This has great potential, thanks! But wouldn't Alfred be motivated to present to virtual Hugh whatever stimulus resulted in vH's selecting the highest approval response, even if that means eg hypnosis, brainwashing? I don't see how "turtles all the way down" can solve this, because every level can solve the problem for the level above but finds the problem on its own level.
You only have trouble if there is a goal-directed level beneath the lowest approval-directed level. The idea is to be approval-directed at the lowest levels where it makes sense (and below that you are using heuristics, algorithms, etc., in the same way that a goal-directed agent eventually bottoms out with useful heuristics or algorithms).
Commenting with Medium feels like it would be reverse anonymity - if you merely see my real name and facebook profile, you won't know who I am :P
It's tempting to drag in utility functions over actions. So I will. VNM proved that VNM-rational agents have them, after all. Rather than trying to learn my utility function over outcomes, you seem to be saying, why not try to learn my utility function over actions?
These seem somewhat equivalent - one should be a transform of the other. And what seems odd is that you're arguing (reasonably) that using limited resources to learn the utility function over actions performs better than using those resources to learn the utility function over outcomes - even according to the utility function over outcomes!
I wonder if there's a theorem here.
Note that the agent is never faced with a gamble over actions---it can choose to deterministically take whatever action it desires. So while VNM gives you a utility function over actions, it is probably uninteresting.
The broader point---that we are learning some transform of preferences, rather than learning preferences directly---seems true. I think this is an issue that people in AI have had some (limited) contacted with. Some algorithms learn "what a human would do" (e.g. learning to play go by predicting human go moves and doing what you think a human would do). Other algorithms, (inverse reinforcement learning) learn what values explain what a human would do, and then pursue those. I think the conventional view is that inverse reinforcement learning is harder, but can yield more robust policies that generalize better. Our situation seems to be somewhat different, and it might be interesting to understand why and to explore the comparison more thoroughly.

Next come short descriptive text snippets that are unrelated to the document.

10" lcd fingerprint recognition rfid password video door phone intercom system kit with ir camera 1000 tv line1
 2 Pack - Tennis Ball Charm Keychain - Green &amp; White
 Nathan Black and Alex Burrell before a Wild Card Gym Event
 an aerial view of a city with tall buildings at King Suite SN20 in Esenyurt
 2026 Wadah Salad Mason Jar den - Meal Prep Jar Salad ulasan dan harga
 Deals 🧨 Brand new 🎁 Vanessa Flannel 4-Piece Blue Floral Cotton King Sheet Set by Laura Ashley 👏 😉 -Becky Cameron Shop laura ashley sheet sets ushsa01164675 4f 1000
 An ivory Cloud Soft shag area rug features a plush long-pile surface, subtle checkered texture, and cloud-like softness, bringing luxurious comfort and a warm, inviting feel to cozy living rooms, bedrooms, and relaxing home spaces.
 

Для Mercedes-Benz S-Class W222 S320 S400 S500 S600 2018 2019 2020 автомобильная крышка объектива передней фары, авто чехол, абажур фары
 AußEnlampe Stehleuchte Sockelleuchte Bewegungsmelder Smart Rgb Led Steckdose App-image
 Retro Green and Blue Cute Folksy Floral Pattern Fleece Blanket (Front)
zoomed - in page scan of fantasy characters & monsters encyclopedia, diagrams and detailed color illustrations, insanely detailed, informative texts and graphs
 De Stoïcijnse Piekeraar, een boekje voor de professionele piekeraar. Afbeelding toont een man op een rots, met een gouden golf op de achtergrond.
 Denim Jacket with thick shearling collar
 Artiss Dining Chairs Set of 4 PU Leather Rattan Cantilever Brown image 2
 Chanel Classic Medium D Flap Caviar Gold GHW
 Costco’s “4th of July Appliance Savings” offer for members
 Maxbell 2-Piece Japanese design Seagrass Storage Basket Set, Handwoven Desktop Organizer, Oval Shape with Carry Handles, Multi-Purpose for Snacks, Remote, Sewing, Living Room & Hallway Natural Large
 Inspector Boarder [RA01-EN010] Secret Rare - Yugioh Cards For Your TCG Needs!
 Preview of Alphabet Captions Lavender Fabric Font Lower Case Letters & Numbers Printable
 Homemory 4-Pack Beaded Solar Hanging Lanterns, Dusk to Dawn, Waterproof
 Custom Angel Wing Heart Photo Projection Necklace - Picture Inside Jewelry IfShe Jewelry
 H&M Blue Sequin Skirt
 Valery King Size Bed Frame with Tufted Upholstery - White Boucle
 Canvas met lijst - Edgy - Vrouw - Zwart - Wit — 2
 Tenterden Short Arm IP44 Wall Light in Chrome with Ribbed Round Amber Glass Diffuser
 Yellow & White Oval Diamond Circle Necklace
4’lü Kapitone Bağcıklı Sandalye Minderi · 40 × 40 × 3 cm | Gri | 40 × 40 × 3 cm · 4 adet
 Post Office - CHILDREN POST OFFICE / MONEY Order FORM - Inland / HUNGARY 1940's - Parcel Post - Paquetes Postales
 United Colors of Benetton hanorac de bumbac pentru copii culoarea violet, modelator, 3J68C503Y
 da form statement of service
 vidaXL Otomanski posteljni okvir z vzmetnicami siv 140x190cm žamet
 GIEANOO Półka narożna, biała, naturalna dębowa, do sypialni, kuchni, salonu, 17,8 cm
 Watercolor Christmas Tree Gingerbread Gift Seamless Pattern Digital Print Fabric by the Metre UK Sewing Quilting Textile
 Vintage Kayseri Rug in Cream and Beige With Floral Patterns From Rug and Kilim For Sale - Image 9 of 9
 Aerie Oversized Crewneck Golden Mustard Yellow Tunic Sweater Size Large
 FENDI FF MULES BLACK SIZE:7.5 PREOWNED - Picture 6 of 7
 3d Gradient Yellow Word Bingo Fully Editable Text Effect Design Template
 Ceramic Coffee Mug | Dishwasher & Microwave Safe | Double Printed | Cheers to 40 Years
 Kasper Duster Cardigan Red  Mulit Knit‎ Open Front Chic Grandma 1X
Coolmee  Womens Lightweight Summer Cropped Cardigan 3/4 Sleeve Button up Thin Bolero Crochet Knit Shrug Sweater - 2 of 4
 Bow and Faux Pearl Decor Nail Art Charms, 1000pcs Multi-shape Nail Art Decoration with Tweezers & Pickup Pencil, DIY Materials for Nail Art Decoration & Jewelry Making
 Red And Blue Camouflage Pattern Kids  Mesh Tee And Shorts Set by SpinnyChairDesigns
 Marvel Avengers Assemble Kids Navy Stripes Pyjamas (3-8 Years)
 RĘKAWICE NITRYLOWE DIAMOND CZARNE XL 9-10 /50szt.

There would seem to be an obvious parallel with deontological as opposed to consequentialist ethics. (Which suggests the question: is there any interesting analogue of virtue ethics, where the agent attempts to have a utility function its overseer would like?)
virtue ethics, where the agent attempts to have a utility function its overseer would like?)
I don't think in virtue ethics you are obligated to maximize virtues, only satisfice them.
I think maximizing versus satisficing is a question orthogonal to whether you pay attention to consequences, to hte actions that produce them, or to the character from which the actions flow. One could make a satisficing consequentialist agent, for instance. (Bostrom, IIRC, remarks that this wouldn't necessarily avoid the dangers of overzealous optimization: instead of making unboundedly many paperclips because it wants as many as possible, our agent might make unboundedly many paperclips in order to be as sure as possible that it really did make at least 10.)
Boatrom's point is valid in absence of other goals. A clippy which also values a slightly non-orthogonal goal would stop making paperclips once that other goal is interfered with by the excess of paperclips.
In virtue ethics you don't maximize anything, you are free to pick any actions compatible with the virtues, so there is no utility function to speak of.
Which suggests the question: is there any interesting analogue of virtue ethics, where the agent attempts to have a utility function its overseer would like?
This reminds me of Daniel Dewey's proposal for an agent that learns its utility function: http://lesswrong.com/lw/560/new_fai_paper_learning_what_to_value_by_daniel/.
In the "Learning from examples" case, Arthur looks a lot like AIXI with a time horizon of 1 (i.e., one that acts to maximize just the expected next reward), and I don't understand why you say "But unlike AIXI, Arthur will make no effort to manipulate these judgments." For example, it seems like Arthur could learn a model in which approval[T](a) = 1 if a is an action which results in taking over the approval input terminal and giving itself maximum approval.
It seems like AIXI with a time horizon of 1 is a very different beast from AIXI with a longer time horizon. The big difference is that short-sighted AIXI will only try to take over (in the interest of giving itself reward) if it can succeed in a single time step.
I agree that AIXI with a time horizon of 1 still has some undesired behaviors. Those undesired behaviors also afflict the learning-from-examples approval-directed agent.
These problems are particularly troubling if it is possible to retroactively define rewards. In the worst case, Arthur may predict future-Arthur to escape and define new, escape-conducive values for approval[T]. Anticipating this possibility, Arthur may behave according to the escape-conducive approval[T], thereby fulfilling the prophecy.
This is a much more subtle problem than usual for AIXI though; the real situation is a lot more complicated, and there are many possible workarounds. Having a time horizon of 1 seems a lot less scary to me.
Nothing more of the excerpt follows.